Making sync package type strict using Go generics
The sync package from Go’s standard library provides primitives (Mutex, WaitGroup, …) to help solving synchronization problems. This is an older package and some of the implementations could be different if the generic features were available then.
Indeed, the sync.Pool and sync.Map facilitates concurrent usage for storing and retrieving data in different situations. Those features are pretty elementary and their functionality highly relies on the fact that they can be used with any type, which comes with a few drawbacks. Giving up the type strictness prevents the compiler to detect potential errors or requires type assertion code. The former implies extra attention when writing code and the latter reduces its simplicity and readability.
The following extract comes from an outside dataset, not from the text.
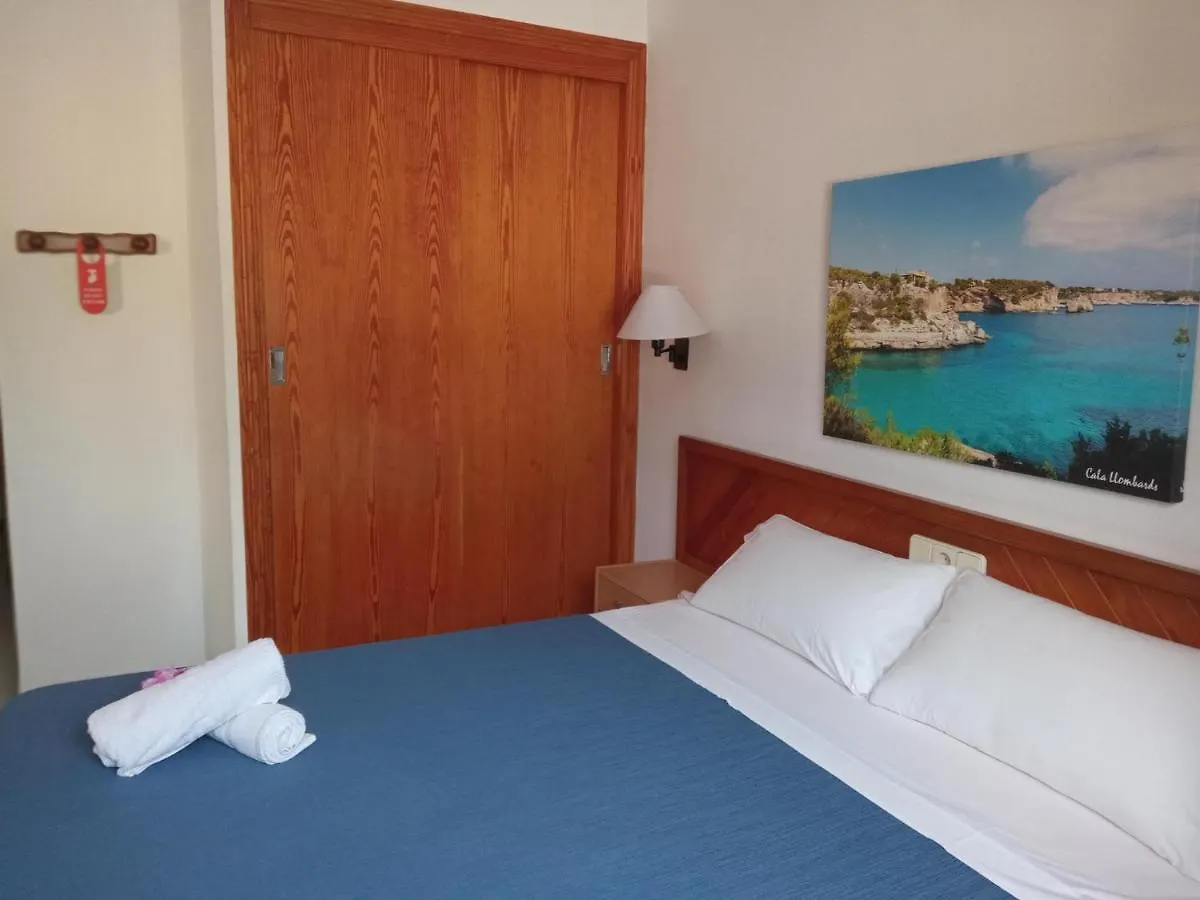 Guest house Hostal Ca'N Tiu Alaro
In this post we will make use of generics to reduce the scope of risky code to a minimum while keeping the reusability of the original implementation.
sync.Pool
Go’s sync.Pool provides a way to reuse allocated objects, reducing pressure on the garbage collector. Using generics, we can wrap the original implementation to infer a type-specific implementation of the original pooling mechanism.
// See [sync.Pool].
type Pool[T any] struct {
pool sync.Pool
}
// New optionally specifies a function to generate a value when Get would
// otherwise have no item to return. It may not be changed concurrently with
// calls to Get.
func (p *Pool[T]) New(f func() T) *Pool[T] {
if f != nil {
p.pool.New = func() any { return f() }
} else {
p.pool.New = nil
}
return p
}
// Get removes an arbitrary item from the [Pool] and returns it to the caller.
// Get may choose to ignore the pool and treat it as empty. Callers should not
// assume any relation between values passed to [Pool.Put] and the values
// returned by Get. If Get would be unable to return an item and [Pool.New] was
// called with a non-nil function, Get returns the result of calling this
// function. If no item can be returned, Get returns the zero value.
func (p *Pool[T]) Get() (x T) {
x, _ = p.pool.Get().(T)
return
}
// Put adds x to the Pool.
func (p *Pool[T]) Put(x T) {
p.pool.Put(x)
}
Pools can then be easily instantiated:
// A pool of buffers, newly allocated
// buffers have an initial length of 512.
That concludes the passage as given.